▶ About this task: Nothing outside the range is to be copied. From the entries below, reproduce exactly the lines starting at the one with "Tafellamp Full Moon - oud zilver" and ending at the one with "Jeep Cherokee Decal 2", without pictures.

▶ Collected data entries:
-*-*-

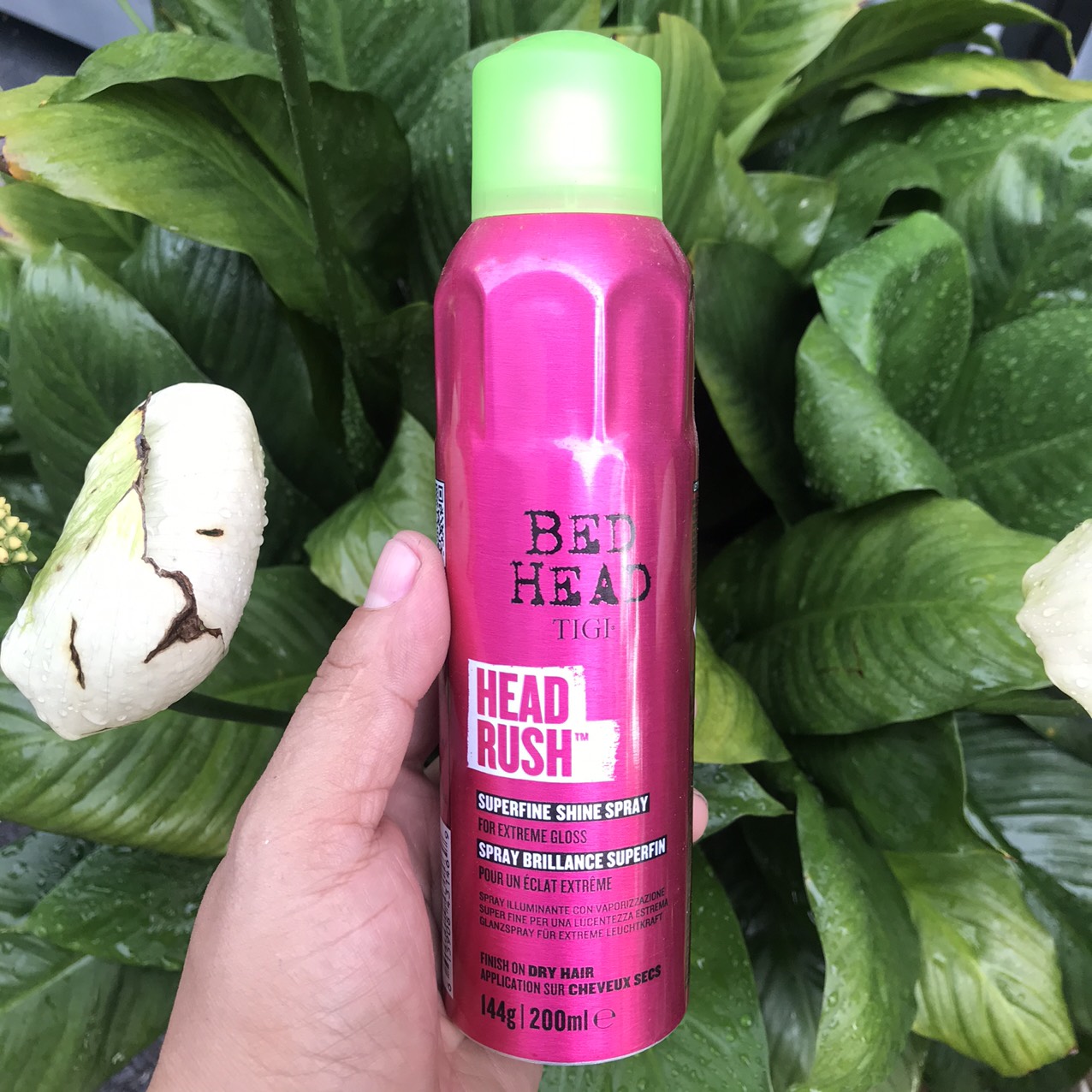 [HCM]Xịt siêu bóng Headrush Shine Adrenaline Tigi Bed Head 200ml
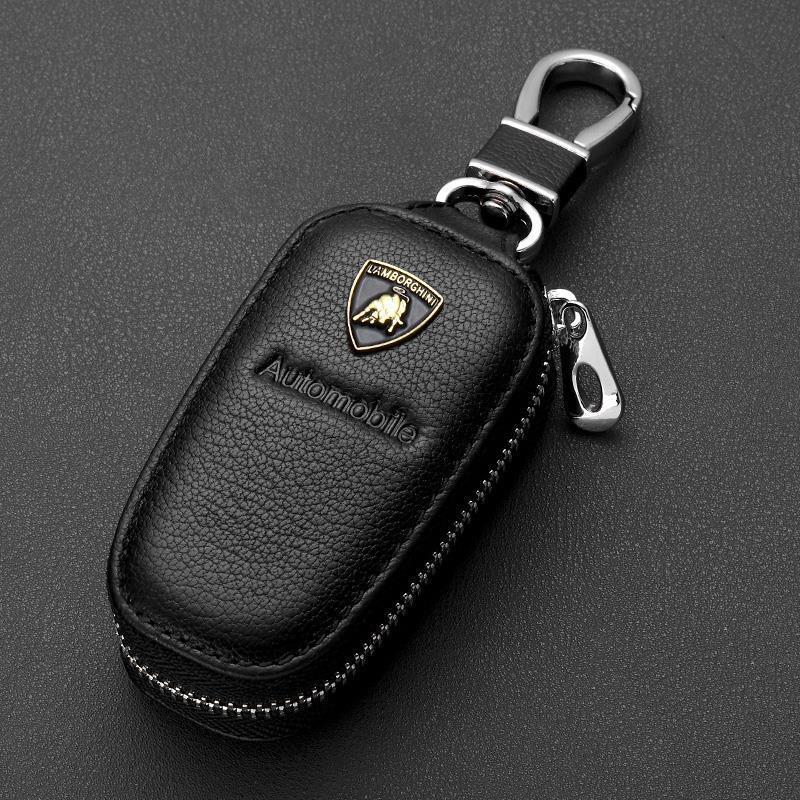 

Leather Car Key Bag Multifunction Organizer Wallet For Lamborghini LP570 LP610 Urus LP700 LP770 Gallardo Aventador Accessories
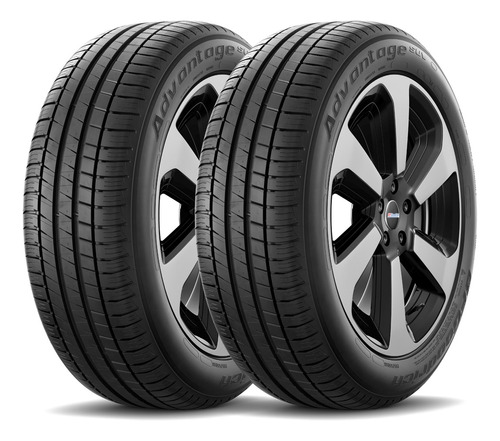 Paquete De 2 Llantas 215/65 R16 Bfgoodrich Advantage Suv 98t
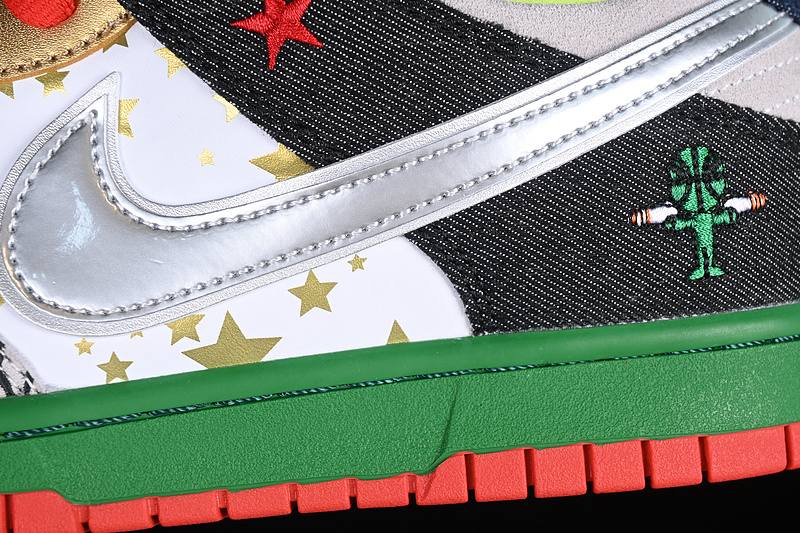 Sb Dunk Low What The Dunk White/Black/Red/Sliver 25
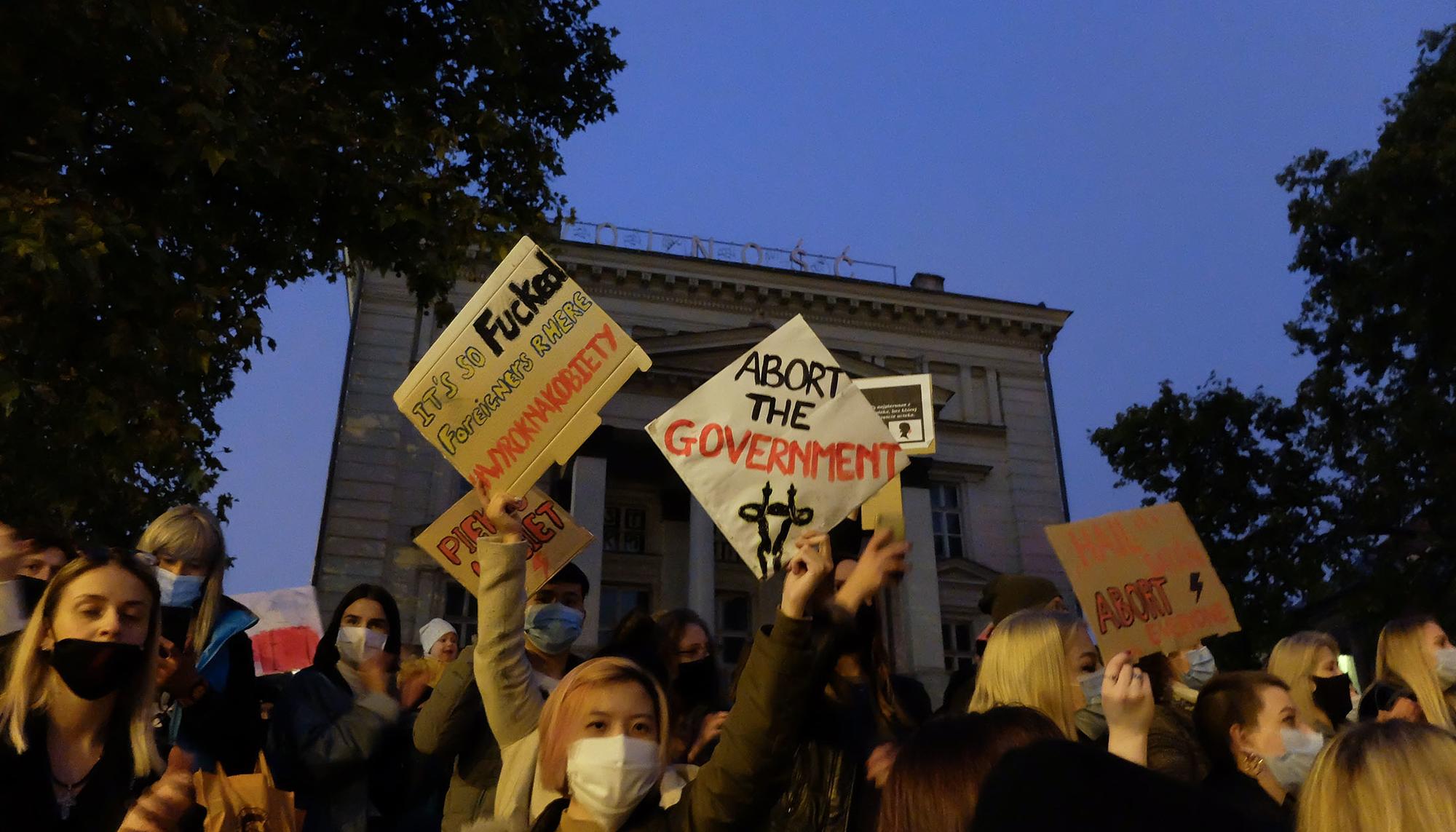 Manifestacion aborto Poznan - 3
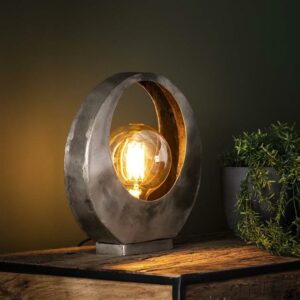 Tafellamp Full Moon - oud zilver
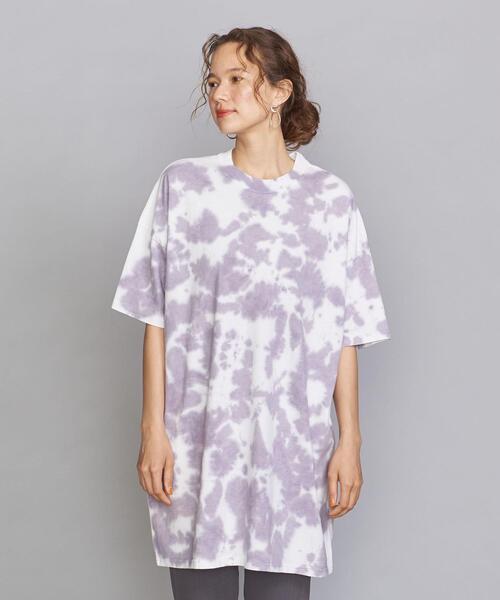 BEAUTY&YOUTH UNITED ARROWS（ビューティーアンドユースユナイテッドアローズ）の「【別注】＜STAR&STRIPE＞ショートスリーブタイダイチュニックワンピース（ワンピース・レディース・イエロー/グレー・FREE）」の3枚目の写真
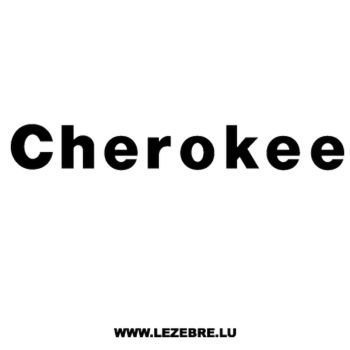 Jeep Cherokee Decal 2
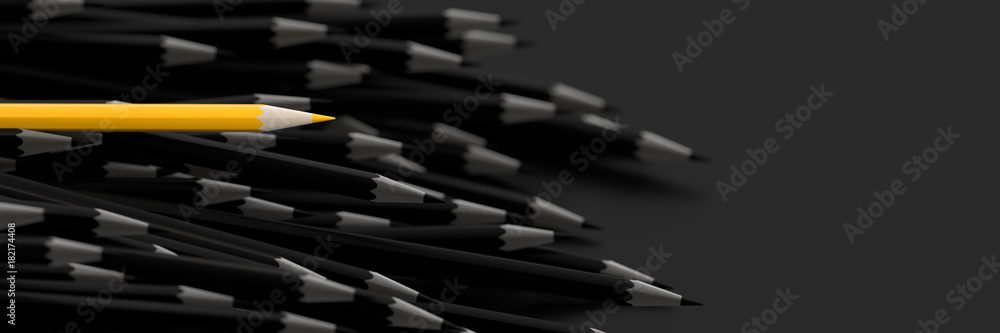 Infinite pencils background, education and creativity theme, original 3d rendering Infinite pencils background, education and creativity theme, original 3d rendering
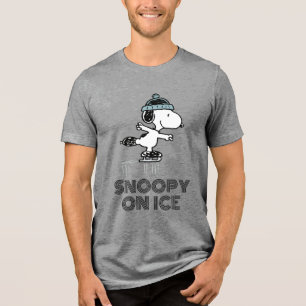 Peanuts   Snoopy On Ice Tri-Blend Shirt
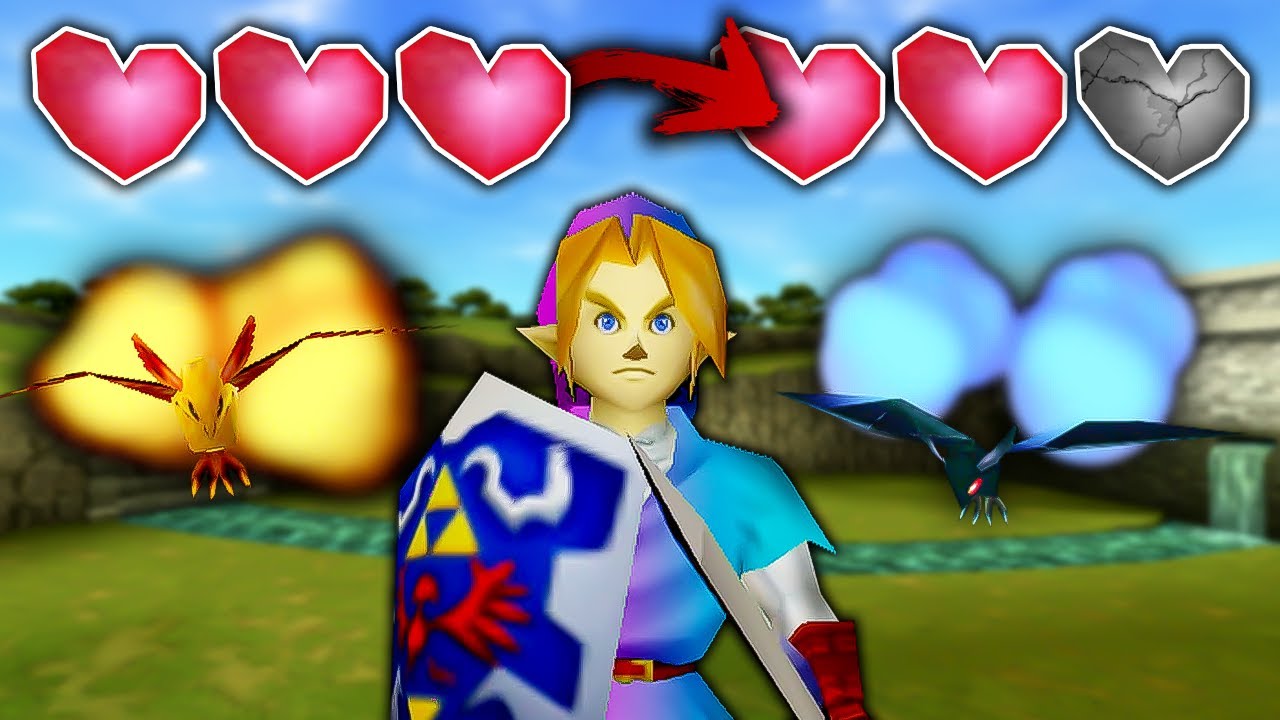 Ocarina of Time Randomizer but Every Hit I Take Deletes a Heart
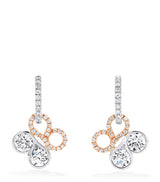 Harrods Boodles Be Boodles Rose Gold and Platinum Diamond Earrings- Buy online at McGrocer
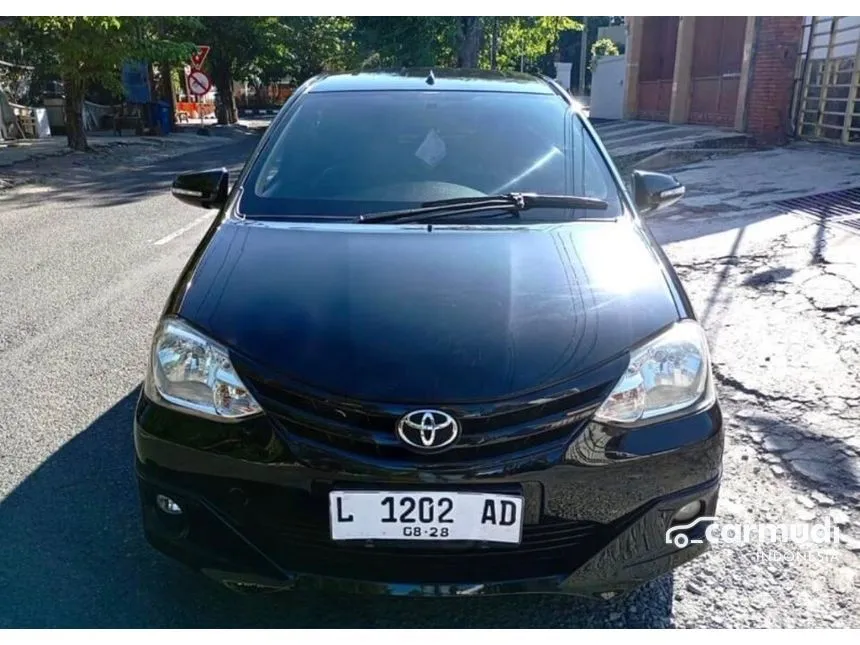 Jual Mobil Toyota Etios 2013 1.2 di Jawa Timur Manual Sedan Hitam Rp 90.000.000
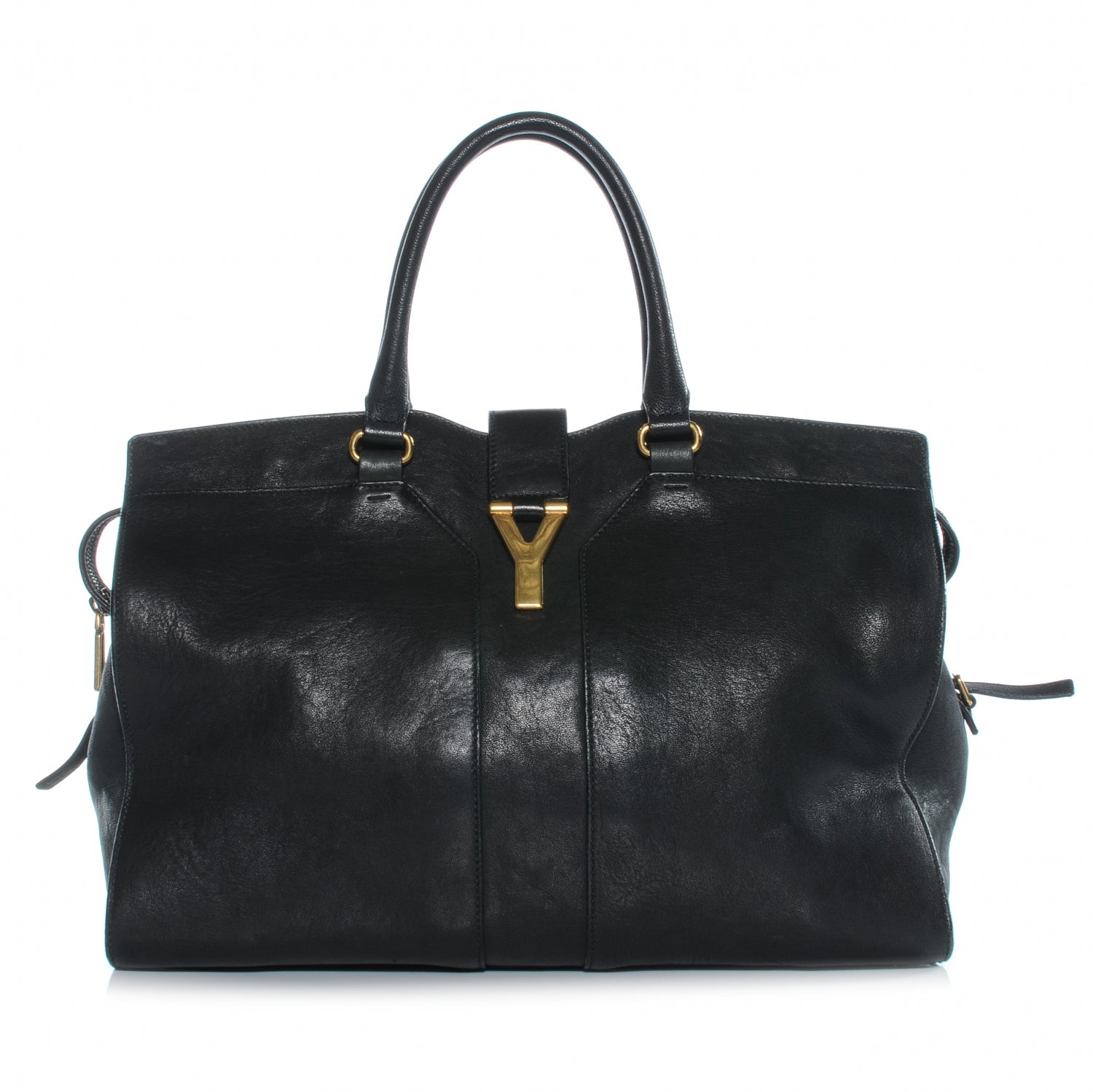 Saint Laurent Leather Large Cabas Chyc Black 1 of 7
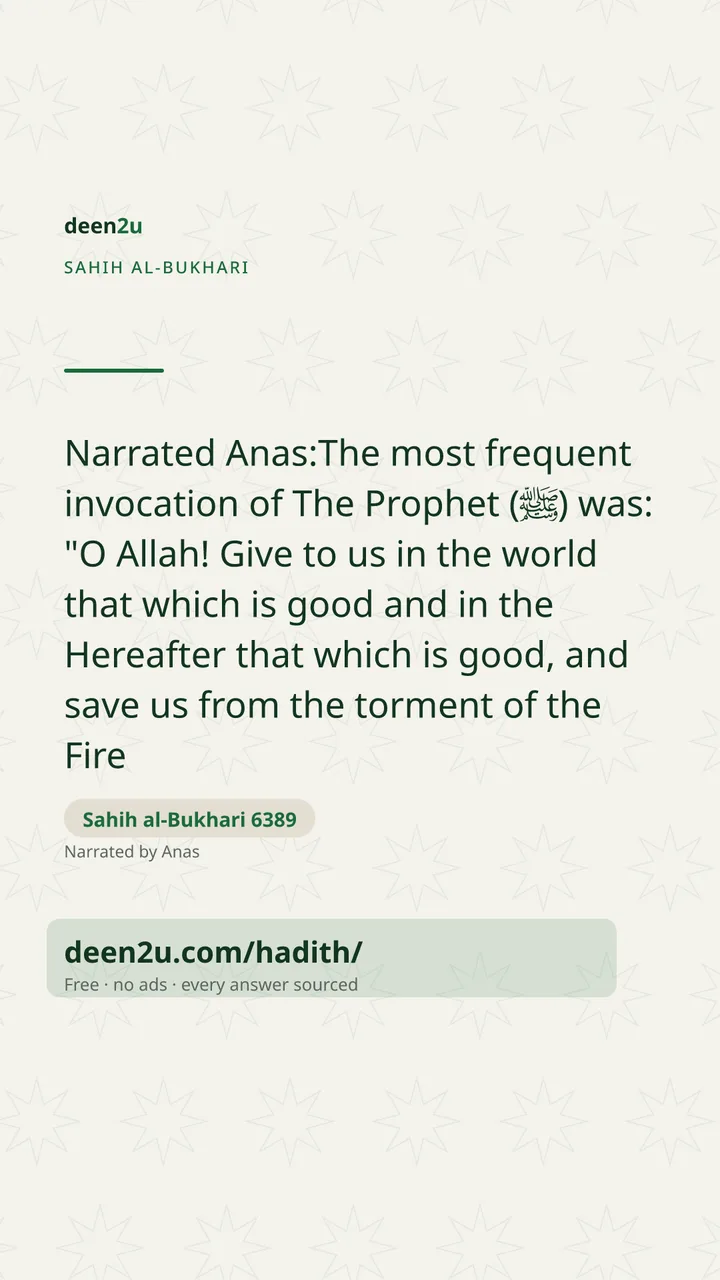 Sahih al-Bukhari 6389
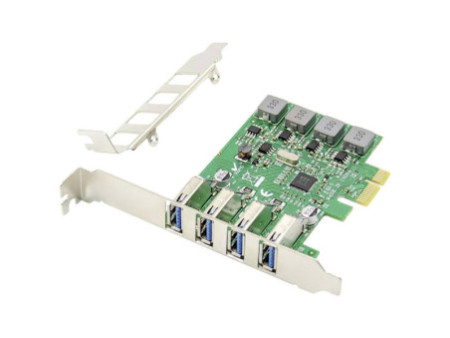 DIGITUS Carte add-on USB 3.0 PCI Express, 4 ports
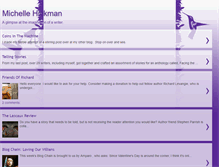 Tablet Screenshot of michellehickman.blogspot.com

-*-*-

▶ Response:
 Tafellamp Full Moon - oud zilver
 BEAUTY&YOUTH UNITED ARROWS（ビューティーアンドユースユナイテッドアローズ）の「【別注】＜STAR&STRIPE＞ショートスリーブタイダイチュニックワンピース（ワンピース・レディース・イエロー/グレー・FREE）」の3枚目の写真
 Jeep Cherokee Decal 2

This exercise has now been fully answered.